▶ **Activity**: Among the entries below, extract exactly the lines that run from the one with "Red pinstripe corset maxi skirt" through the one with "Dulzura-Macacão com cordões", both ends included.

Material provided below:

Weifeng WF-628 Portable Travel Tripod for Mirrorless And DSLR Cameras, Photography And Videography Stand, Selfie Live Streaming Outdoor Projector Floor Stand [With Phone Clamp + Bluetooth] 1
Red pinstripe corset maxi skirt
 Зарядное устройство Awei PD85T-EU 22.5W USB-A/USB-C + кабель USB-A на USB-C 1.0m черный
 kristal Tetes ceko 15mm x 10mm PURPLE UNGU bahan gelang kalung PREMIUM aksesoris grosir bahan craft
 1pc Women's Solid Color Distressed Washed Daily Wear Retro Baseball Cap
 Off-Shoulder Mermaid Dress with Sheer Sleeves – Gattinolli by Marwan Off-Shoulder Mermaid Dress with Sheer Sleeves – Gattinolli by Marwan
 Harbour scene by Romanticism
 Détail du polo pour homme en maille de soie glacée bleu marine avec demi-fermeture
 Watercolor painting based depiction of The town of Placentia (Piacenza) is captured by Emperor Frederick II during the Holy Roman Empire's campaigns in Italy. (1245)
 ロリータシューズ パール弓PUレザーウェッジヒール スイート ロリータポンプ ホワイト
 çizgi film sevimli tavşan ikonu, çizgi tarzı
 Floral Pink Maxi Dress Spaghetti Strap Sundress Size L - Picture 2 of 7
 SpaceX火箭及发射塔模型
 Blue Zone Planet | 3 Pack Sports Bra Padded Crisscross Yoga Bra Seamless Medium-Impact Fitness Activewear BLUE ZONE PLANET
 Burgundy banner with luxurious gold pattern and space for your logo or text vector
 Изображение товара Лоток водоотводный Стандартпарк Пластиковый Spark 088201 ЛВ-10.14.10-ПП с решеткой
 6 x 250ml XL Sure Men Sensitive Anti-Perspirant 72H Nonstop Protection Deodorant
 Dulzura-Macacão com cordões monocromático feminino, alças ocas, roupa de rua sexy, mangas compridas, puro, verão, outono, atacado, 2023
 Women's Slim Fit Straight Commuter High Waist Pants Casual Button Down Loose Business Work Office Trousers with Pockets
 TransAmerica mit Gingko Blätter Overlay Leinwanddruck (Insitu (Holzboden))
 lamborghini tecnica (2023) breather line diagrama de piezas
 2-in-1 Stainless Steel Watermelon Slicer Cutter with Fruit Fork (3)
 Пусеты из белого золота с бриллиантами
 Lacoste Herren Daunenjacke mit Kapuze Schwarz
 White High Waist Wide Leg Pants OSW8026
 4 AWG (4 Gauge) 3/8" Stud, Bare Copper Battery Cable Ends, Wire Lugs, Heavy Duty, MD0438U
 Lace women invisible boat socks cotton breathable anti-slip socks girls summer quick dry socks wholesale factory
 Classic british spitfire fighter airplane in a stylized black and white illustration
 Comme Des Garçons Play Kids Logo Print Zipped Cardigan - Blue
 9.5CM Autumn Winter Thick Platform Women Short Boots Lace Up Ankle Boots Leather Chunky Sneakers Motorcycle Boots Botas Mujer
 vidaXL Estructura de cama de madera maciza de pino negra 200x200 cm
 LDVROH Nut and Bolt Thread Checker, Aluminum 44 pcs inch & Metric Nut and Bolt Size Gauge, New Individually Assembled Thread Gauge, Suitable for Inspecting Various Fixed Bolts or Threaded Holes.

End of Material provided.

▶ **Result of the exercise**:
Red pinstripe corset maxi skirt
 Зарядное устройство Awei PD85T-EU 22.5W USB-A/USB-C + кабель USB-A на USB-C 1.0m черный
 kristal Tetes ceko 15mm x 10mm PURPLE UNGU bahan gelang kalung PREMIUM aksesoris grosir bahan craft
 1pc Women's Solid Color Distressed Washed Daily Wear Retro Baseball Cap
 Off-Shoulder Mermaid Dress with Sheer Sleeves – Gattinolli by Marwan Off-Shoulder Mermaid Dress with Sheer Sleeves – Gattinolli by Marwan
 Harbour scene by Romanticism
 Détail du polo pour homme en maille de soie glacée bleu marine avec demi-fermeture
 Watercolor painting based depiction of The town of Placentia (Piacenza) is captured by Emperor Frederick II during the Holy Roman Empire's campaigns in Italy. (1245)
 ロリータシューズ パール弓PUレザーウェッジヒール スイート ロリータポンプ ホワイト
 çizgi film sevimli tavşan ikonu, çizgi tarzı
 Floral Pink Maxi Dress Spaghetti Strap Sundress Size L - Picture 2 of 7
 SpaceX火箭及发射塔模型
 Blue Zone Planet | 3 Pack Sports Bra Padded Crisscross Yoga Bra Seamless Medium-Impact Fitness Activewear BLUE ZONE PLANET
 Burgundy banner with luxurious gold pattern and space for your logo or text vector
 Изображение товара Лоток водоотводный Стандартпарк Пластиковый Spark 088201 ЛВ-10.14.10-ПП с решеткой
 6 x 250ml XL Sure Men Sensitive Anti-Perspirant 72H Nonstop Protection Deodorant
 Dulzura-Macacão com cordões monocromático feminino, alças ocas, roupa de rua sexy, mangas compridas, puro, verão, outono, atacado, 2023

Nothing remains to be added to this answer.